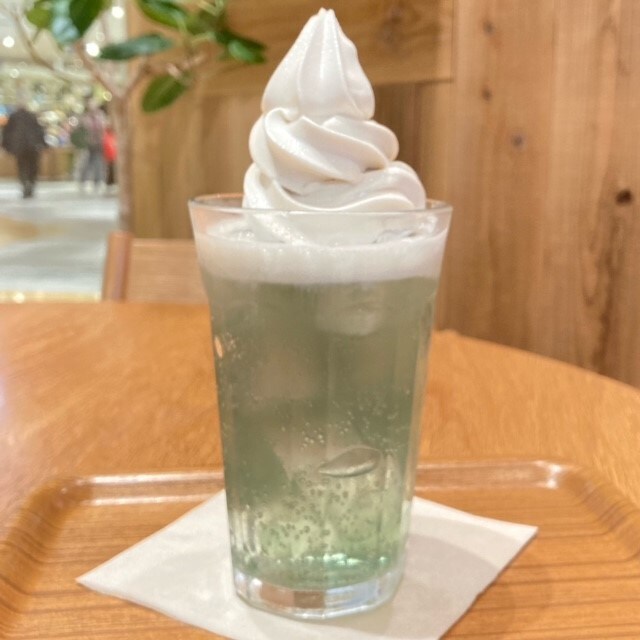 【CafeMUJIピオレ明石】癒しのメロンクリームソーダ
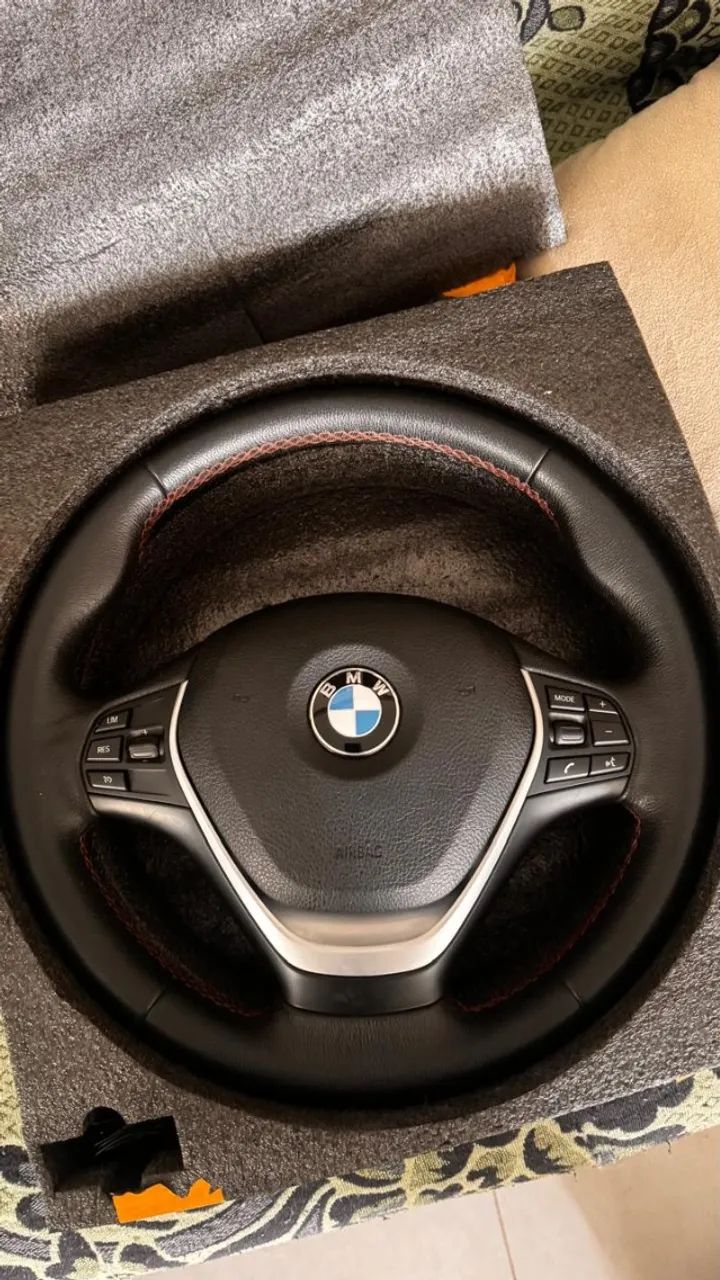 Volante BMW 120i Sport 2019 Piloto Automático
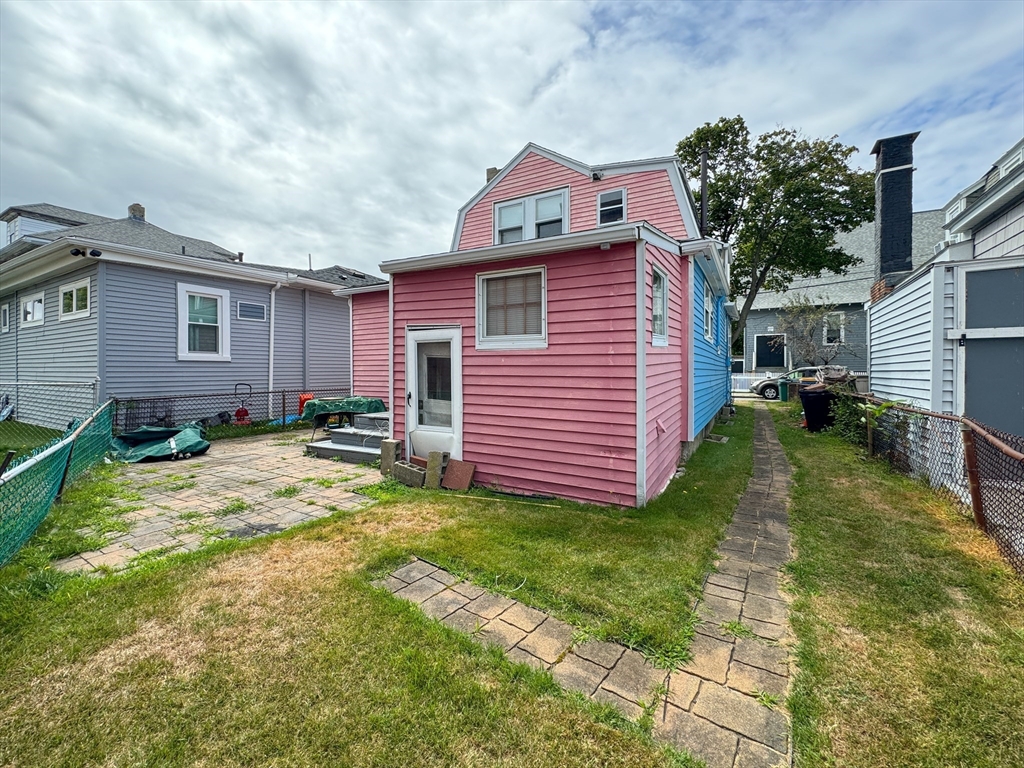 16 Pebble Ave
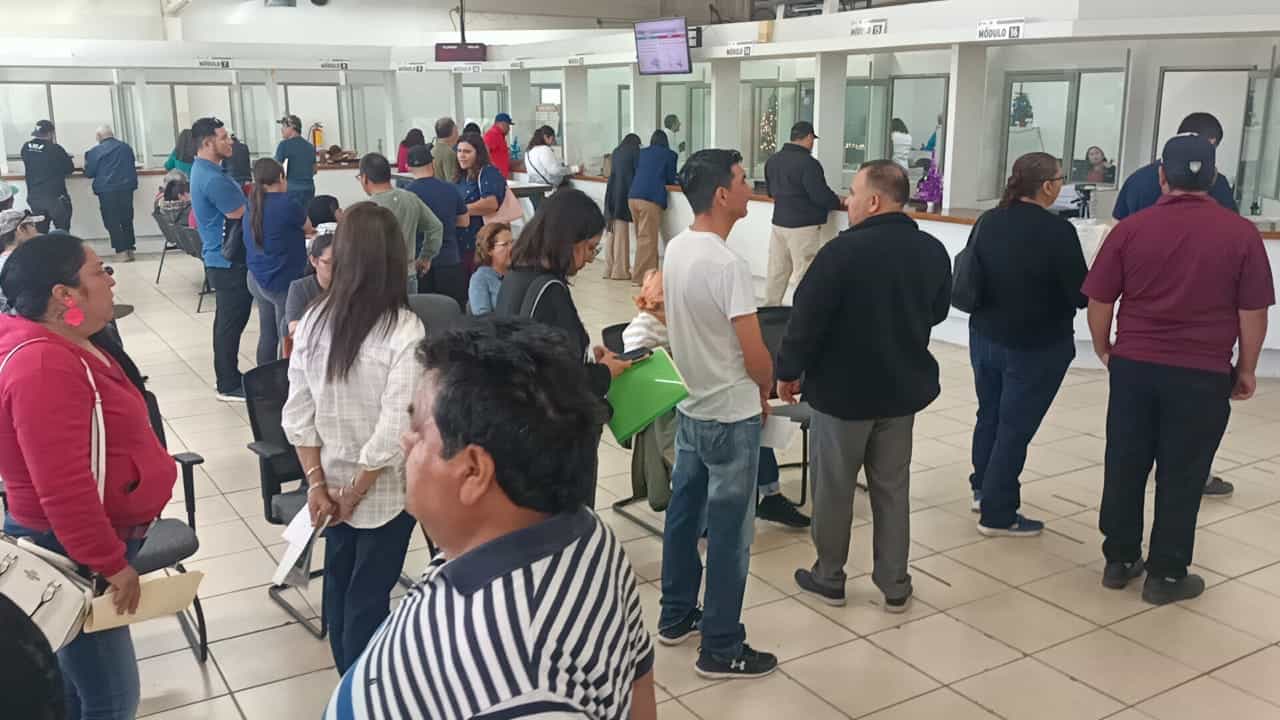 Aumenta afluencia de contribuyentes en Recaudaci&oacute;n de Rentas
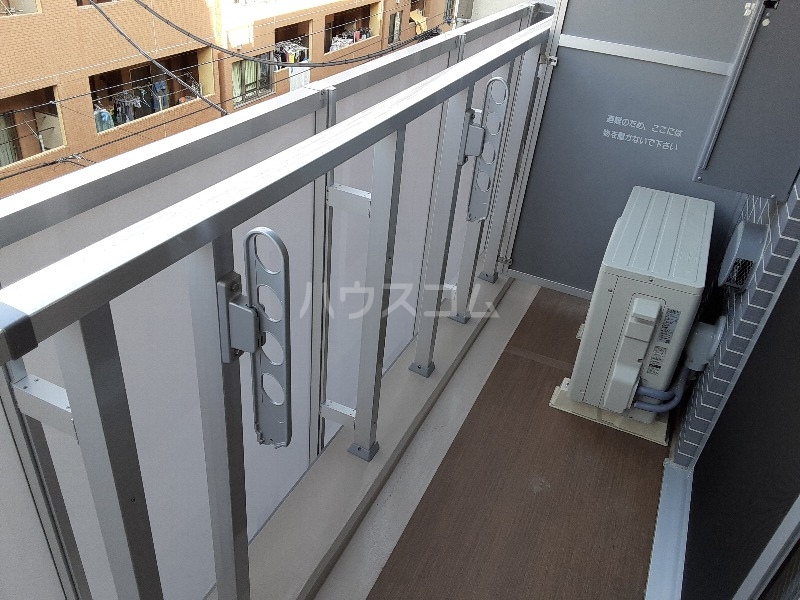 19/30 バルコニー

#### What needs to be done
The lines from the one containing "16 Pebble Ave" through the last line of the data above are to be transcribed exactly, both included, with all pictures left out.

#### Task output
 16 Pebble Ave
 Aumenta afluencia de contribuyentes en Recaudaci&oacute;n de Rentas
 19/30 バルコニー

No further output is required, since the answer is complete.